A Kaiser tracking poll released Friday morning finds 47% of those asked want to see the law expanded or kept as is, with slightly more supporting the status quo. By contrast, only 37% wanted the law repealed. Respondents were given the option to choose if they wanted the law repealed and replaced with a Republican alternative or simply repealed with no replacement legislation, and the hypothetical Republican replacement plan turned out to be the least popular answer, with only 13% supporting such a path. More people (16%) said they had no opinion at all.
Among Republicans, only 29% support repealing the law and replacing it with a plan from their party, while 42% just want the law repealed and nothing else. Democrats are most likely to want to expand the law (40%) although keeping it as is came in a very close second place (39%).
That's not the only bad news for Republicans coming from the poll. It turns out far more Americans have been paying attention to the government shutdown than the problems with the insurance exchange rollout. Three quarters of respondents said they followed the fight over the government shutdown and debt ceiling either very closely (44%) or fairly closely (31%). That's higher than the number who said they followed the economy very or fairly closely during the same period. On the other hand, just about half said they paid attention to news coverage of the technical glitches associated with the website very closely (22%) or fairly closely (31%).
Of those who paid attention to stories about the website's glitches, nearly half give the federal government a "poor" grade for the implementation of the Affordable Care Act so far. Only one in three gave the "fair" grade, less than 1 in 5 said "good" and a mere 2% said "excellent."
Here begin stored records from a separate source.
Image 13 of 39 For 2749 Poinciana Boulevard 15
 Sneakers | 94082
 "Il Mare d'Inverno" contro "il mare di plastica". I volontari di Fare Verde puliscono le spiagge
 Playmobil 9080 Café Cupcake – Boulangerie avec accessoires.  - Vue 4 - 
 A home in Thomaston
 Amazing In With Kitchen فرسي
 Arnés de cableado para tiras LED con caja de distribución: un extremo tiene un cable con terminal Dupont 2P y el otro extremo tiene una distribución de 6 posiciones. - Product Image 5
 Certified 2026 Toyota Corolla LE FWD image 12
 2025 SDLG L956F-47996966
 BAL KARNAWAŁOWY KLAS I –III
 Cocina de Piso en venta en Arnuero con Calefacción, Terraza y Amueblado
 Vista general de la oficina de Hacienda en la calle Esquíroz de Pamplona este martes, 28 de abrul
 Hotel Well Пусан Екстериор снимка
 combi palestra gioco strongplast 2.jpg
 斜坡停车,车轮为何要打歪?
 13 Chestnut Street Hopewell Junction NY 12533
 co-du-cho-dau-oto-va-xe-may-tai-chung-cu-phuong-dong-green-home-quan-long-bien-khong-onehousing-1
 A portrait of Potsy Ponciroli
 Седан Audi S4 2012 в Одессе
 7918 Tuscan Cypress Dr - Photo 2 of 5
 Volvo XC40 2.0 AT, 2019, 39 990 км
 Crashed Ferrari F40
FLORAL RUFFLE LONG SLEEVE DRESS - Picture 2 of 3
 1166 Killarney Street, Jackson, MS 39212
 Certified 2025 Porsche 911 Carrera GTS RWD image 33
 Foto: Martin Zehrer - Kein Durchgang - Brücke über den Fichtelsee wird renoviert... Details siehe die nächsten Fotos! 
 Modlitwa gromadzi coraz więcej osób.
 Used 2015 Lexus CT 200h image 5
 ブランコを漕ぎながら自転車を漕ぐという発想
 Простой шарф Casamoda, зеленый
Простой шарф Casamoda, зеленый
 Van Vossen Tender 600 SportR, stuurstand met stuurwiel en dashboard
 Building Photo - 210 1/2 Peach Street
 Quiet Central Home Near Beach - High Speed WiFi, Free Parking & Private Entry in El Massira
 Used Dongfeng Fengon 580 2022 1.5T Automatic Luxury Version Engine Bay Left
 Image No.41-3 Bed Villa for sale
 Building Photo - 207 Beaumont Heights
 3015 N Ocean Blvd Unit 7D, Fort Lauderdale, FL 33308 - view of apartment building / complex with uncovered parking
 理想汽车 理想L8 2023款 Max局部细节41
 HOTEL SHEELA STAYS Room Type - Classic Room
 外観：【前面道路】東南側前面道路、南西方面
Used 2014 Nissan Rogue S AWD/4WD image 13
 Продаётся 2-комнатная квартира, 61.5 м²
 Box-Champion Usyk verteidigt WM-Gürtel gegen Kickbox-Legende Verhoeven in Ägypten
In general, despite the "poor" rollout, opinions on the Affordable Care Act remain largely unchanged, with 44% saying they have an unfavorable view of the law and 38% saying they favor it. Those favorable ratings have been roughly since the question was first asked in February. That relatively static report contrasts with an NBC/WSJ poll released earlier this week which found support for the law has declined over the last month.